*EXERCISE AIM*:
Would you print out all of the data exactly and keep the pictures out of it?

*SOURCE DATA*:
- - -

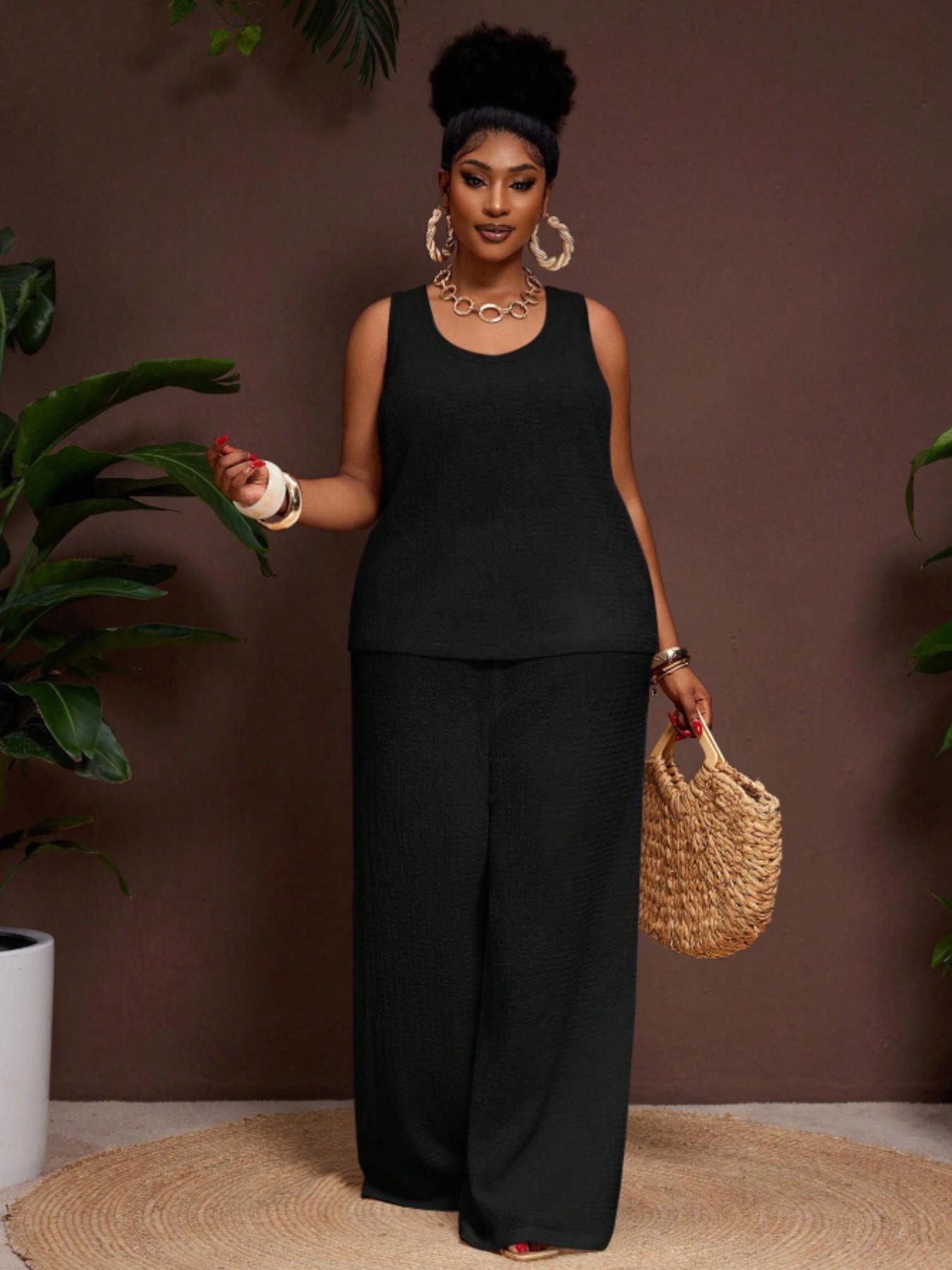 Plus Size Women's Comfortable U-Neck Sleeveless Solid Top with Pockets, Loose Fit Textured Tank, Wide Leg Pants, Business Casual Chic Womenswear Set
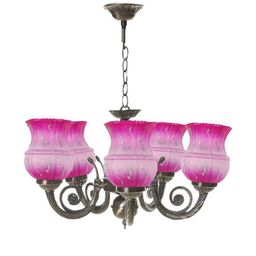 Somil Antique 5-Light Chandelier with Glass Shades, Pink and White Lighting Effect, Metal Fitting. LED Compatible. Dia: 42 X 42 X 100 Cm.-image-88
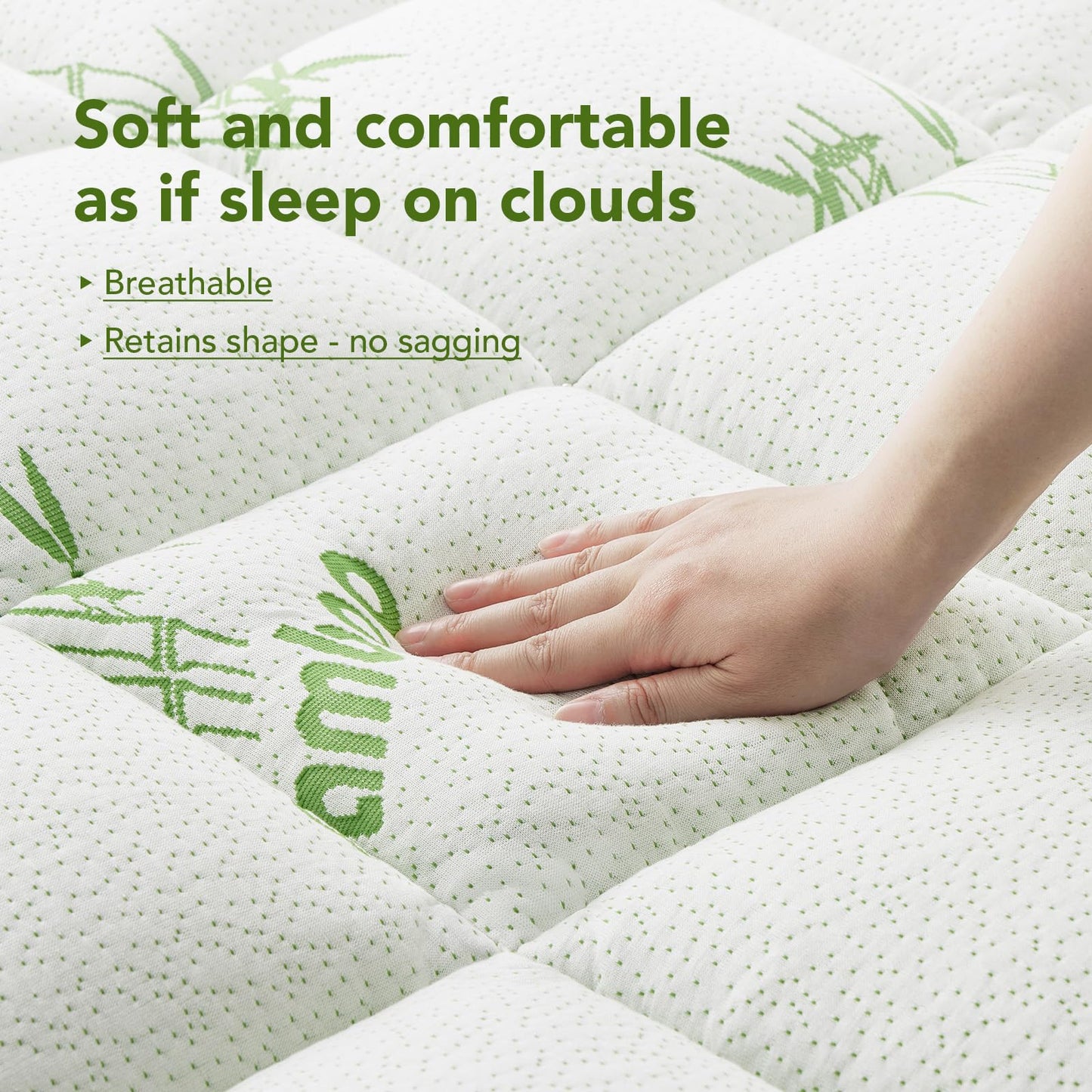 California King Size Mattress Topper Viscose Made from Bamboo, Extra Thick Quilted Pillow Top, Naturally Cooling & Breathable for Hot Sleepers, Back Pain Relief, Deep Pocket Skirt Fits 6-18", Green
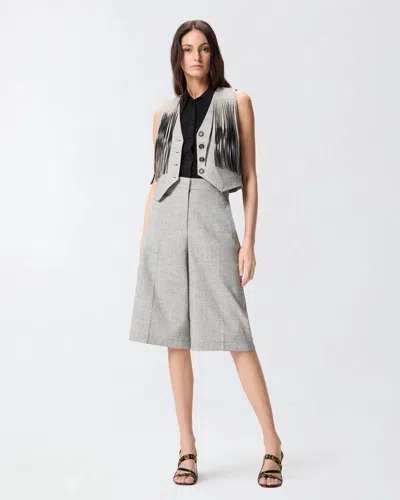 Pinko Angera Bermuda Flamed Linen Cotton Ss26 In Nero/bianco (zz2)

- - -

*RESULT*:
 Plus Size Women's Comfortable U-Neck Sleeveless Solid Top with Pockets, Loose Fit Textured Tank, Wide Leg Pants, Business Casual Chic Womenswear Set
 Somil Antique 5-Light Chandelier with Glass Shades, Pink and White Lighting Effect, Metal Fitting. LED Compatible. Dia: 42 X 42 X 100 Cm.-image-88
 California King Size Mattress Topper Viscose Made from Bamboo, Extra Thick Quilted Pillow Top, Naturally Cooling & Breathable for Hot Sleepers, Back Pain Relief, Deep Pocket Skirt Fits 6-18", Green
 Pinko Angera Bermuda Flamed Linen Cotton Ss26 In Nero/bianco (zz2)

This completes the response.